• _What the task requires_
Any picture in the data below gets skipped; print all the rest exactly.

• _Data excerpt_
----

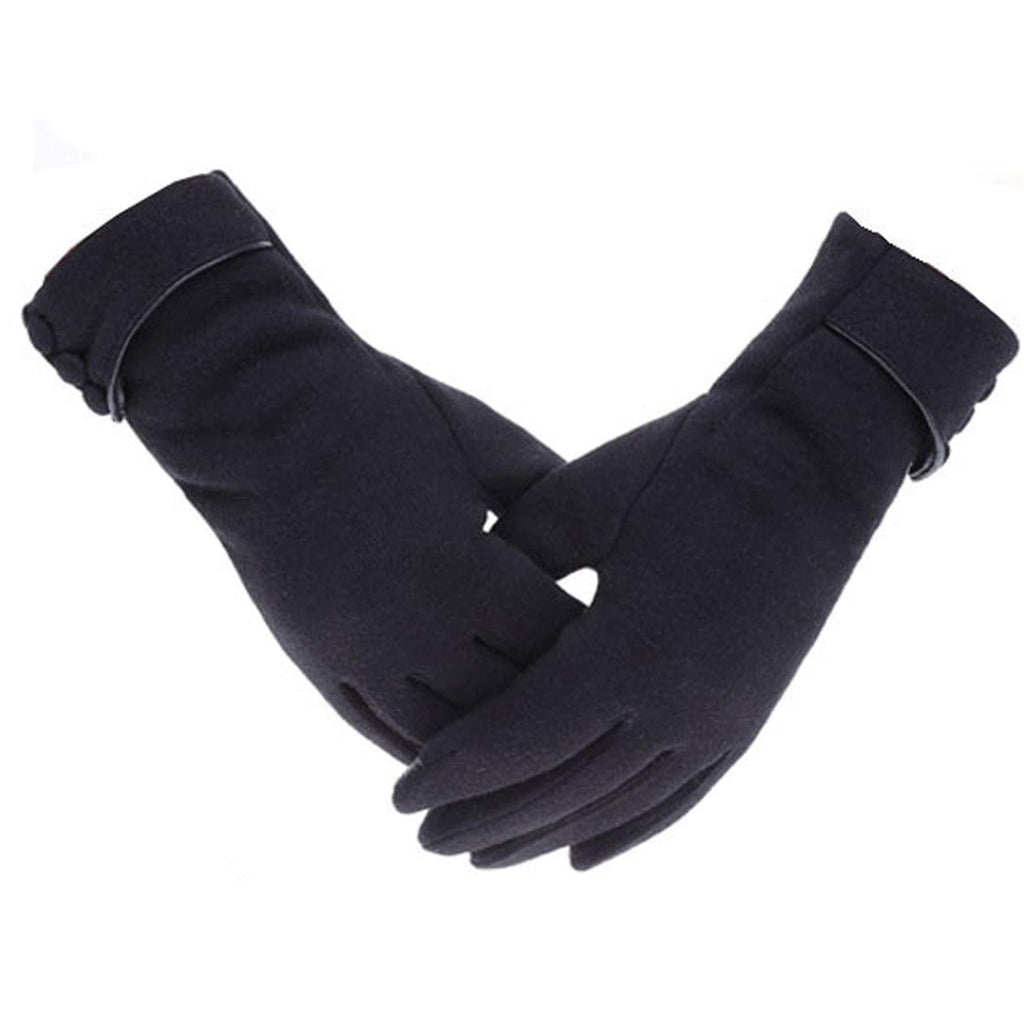 [Australia] - Outrip Womens Lady Winter Warm Gloves Touch Screen Phone Windproof Lined Thick Gloves Black 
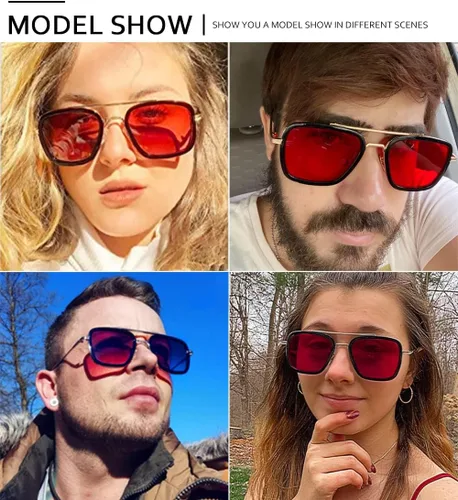 Vista 2 de SHEEN KELLY Gafas de sol cuadradas clásicas para hombre y mujer, estilo vintage, rectangulares, con marco de metal, gafas de piloto retro, 15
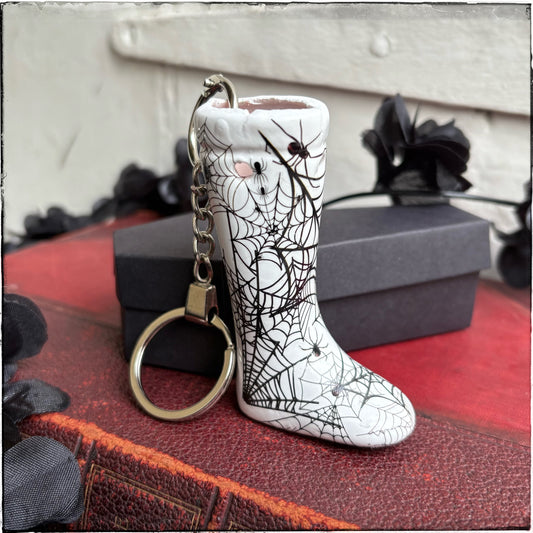 Doll Leg Key Ring - White Spiderwebs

----

• _Result_
 [Australia] - Outrip Womens Lady Winter Warm Gloves Touch Screen Phone Windproof Lined Thick Gloves Black 
 Vista 2 de SHEEN KELLY Gafas de sol cuadradas clásicas para hombre y mujer, estilo vintage, rectangulares, con marco de metal, gafas de piloto retro, 15
 Doll Leg Key Ring - White Spiderwebs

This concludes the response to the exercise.